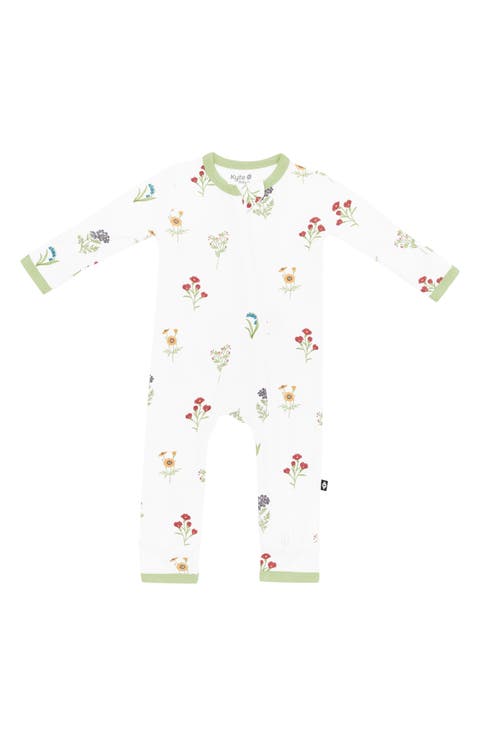 Wildflower Zip-Up Romper (Baby)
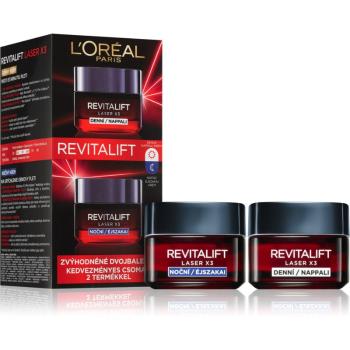 L’Oréal Paris Revitalift Laser X3 sada (proti starnutiu pleti)
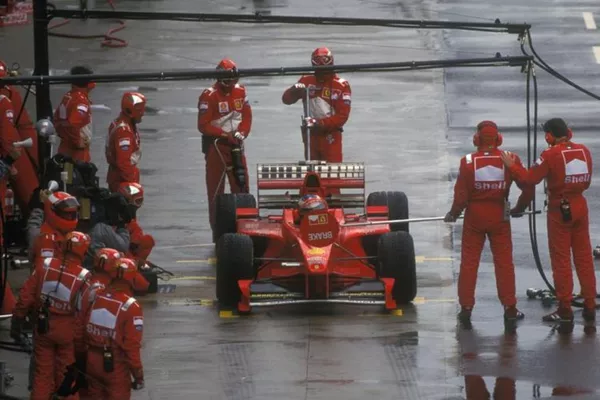 GP da Inglaterra de Fórmula 1, Silverstone, em 1998 - by ge.com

--------

> [What is needed]: Make an exact copy of the listing. Do not carry over its pictures.

> [Exercise result]:
 Wildflower Zip-Up Romper (Baby)
 L’Oréal Paris Revitalift Laser X3 sada (proti starnutiu pleti)
 GP da Inglaterra de Fórmula 1, Silverstone, em 1998 - by ge.com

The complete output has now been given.